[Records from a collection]
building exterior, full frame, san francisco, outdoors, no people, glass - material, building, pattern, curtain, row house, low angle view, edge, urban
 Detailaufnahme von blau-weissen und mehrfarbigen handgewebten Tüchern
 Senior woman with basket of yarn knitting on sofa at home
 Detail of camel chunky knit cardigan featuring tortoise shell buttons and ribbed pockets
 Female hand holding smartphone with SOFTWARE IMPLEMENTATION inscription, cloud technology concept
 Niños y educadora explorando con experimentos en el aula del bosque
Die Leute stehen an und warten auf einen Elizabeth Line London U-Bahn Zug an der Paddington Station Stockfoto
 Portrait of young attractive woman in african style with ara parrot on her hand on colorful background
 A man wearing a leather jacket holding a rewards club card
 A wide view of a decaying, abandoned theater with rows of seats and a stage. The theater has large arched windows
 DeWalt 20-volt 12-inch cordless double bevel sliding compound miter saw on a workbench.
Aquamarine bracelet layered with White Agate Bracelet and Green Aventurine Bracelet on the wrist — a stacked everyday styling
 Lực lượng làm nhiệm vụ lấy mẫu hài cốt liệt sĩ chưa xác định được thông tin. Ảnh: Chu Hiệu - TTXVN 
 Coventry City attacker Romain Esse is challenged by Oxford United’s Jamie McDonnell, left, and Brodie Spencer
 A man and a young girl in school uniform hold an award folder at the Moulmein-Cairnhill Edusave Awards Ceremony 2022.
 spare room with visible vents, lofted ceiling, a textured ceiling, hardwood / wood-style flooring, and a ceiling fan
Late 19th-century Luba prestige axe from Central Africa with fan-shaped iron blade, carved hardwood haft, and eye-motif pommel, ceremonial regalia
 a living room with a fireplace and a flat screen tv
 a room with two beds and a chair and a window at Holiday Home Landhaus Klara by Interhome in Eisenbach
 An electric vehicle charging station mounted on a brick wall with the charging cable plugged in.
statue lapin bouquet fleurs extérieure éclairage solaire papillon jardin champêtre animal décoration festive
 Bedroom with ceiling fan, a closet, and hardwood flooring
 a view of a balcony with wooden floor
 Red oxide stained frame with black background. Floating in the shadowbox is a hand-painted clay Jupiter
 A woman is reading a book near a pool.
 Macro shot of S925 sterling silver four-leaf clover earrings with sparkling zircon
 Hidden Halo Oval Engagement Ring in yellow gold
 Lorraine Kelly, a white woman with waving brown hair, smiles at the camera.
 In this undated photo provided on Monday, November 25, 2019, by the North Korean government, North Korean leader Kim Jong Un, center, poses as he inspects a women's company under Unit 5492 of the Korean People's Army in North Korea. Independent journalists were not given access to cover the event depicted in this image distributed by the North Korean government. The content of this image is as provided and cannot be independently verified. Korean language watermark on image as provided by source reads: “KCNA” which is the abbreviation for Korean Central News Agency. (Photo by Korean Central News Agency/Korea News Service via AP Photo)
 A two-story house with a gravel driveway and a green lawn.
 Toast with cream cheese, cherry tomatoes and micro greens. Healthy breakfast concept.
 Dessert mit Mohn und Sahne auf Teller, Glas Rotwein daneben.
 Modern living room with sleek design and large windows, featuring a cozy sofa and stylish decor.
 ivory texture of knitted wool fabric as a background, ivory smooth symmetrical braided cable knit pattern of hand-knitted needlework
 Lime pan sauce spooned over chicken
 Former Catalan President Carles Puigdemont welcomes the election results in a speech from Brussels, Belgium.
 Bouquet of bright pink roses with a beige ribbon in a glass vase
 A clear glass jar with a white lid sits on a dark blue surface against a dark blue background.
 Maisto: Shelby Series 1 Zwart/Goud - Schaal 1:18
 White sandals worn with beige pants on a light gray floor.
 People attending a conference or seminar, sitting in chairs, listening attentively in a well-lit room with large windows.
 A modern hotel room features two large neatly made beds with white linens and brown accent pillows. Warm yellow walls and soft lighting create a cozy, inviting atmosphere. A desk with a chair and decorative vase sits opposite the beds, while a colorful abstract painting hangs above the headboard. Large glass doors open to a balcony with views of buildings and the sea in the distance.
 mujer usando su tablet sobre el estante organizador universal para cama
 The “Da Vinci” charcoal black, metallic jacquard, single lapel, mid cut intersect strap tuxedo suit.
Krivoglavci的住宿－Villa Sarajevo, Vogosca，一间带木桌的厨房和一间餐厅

WHAT THE TASK REQUIRES:
Once the lines containing "sits" in the data above are counted, give the total by itself.

RESPONSE BOX:
2